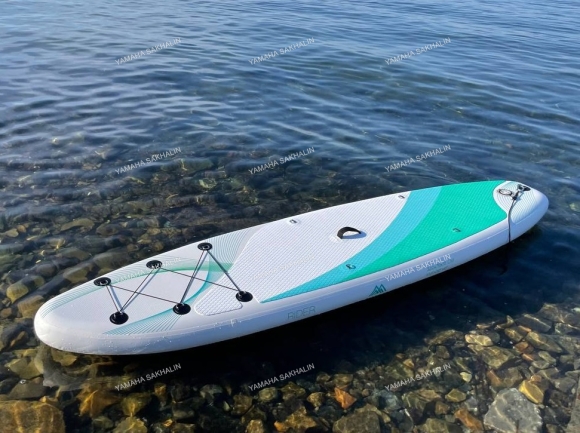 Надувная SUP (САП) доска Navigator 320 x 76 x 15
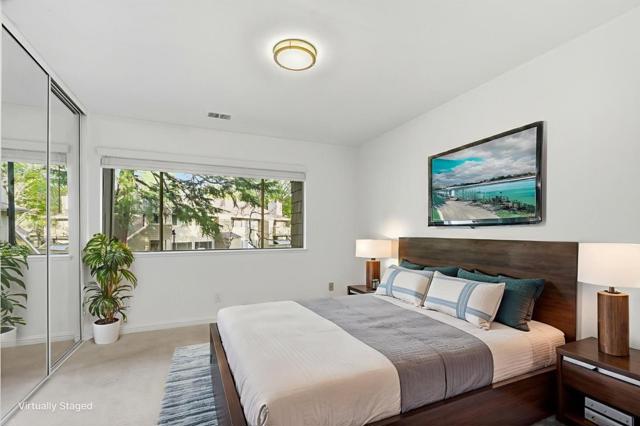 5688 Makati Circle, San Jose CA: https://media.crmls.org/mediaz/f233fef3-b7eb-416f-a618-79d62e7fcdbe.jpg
══════
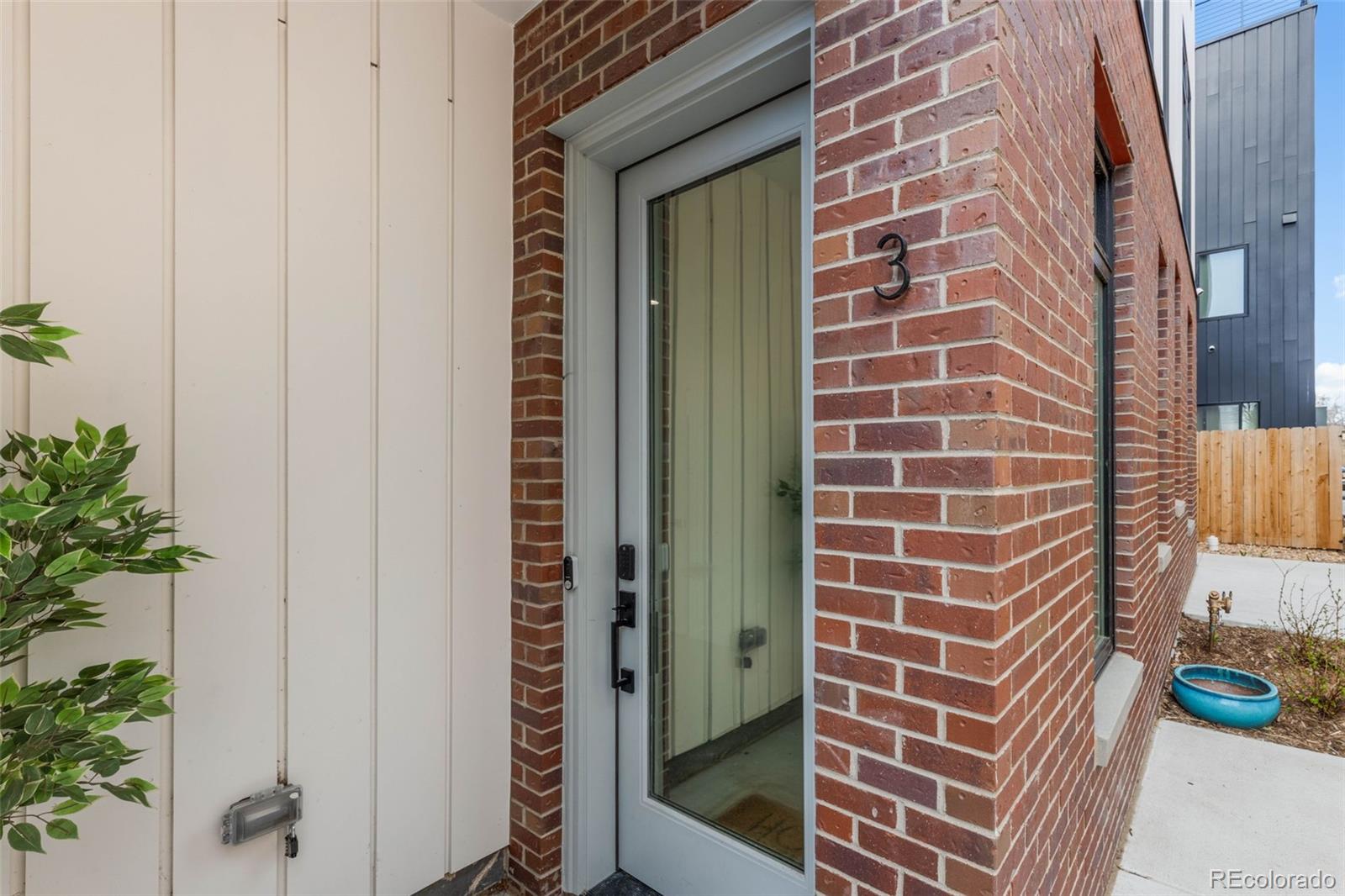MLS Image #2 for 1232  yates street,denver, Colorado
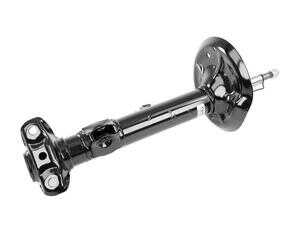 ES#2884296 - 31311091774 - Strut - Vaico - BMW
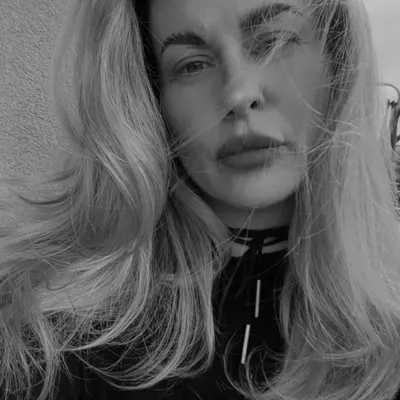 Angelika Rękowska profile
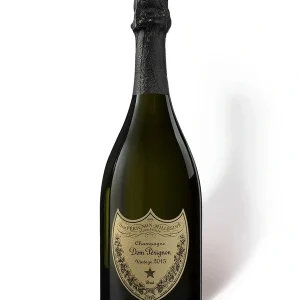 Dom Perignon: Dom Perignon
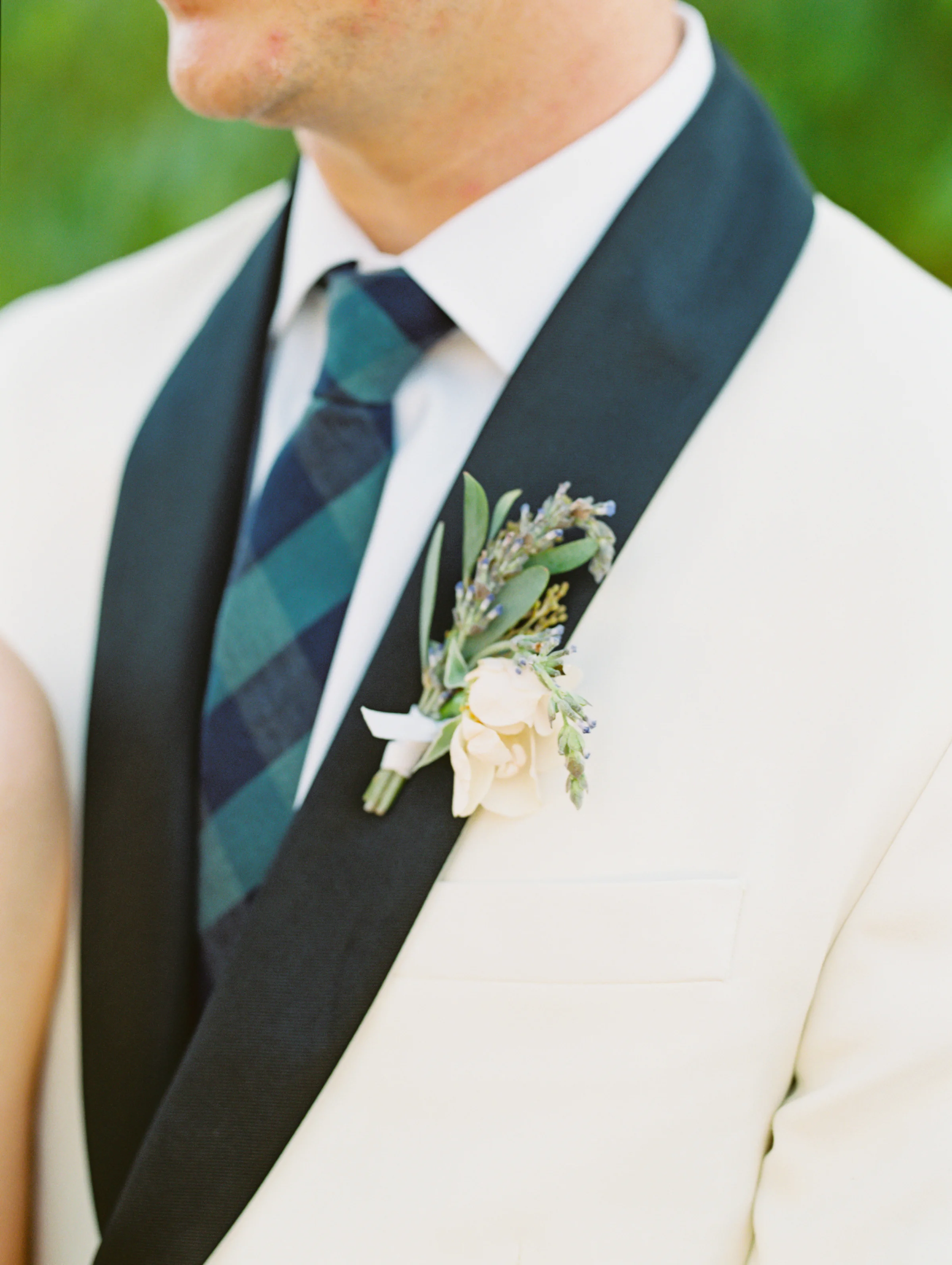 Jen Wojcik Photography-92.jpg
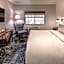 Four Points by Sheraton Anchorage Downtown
══════
Your answer should consist of the lines above between those holding "Надувная SUP (САП)" and "5688 Makati Circle, San", inclusive, reproduced word for word and without pictures.

#### RESPONSE TO THE TASK:
 Надувная SUP (САП) доска Navigator 320 x 76 x 15
 5688 Makati Circle, San Jose CA: https://media.crmls.org/mediaz/f233fef3-b7eb-416f-a618-79d62e7fcdbe.jpg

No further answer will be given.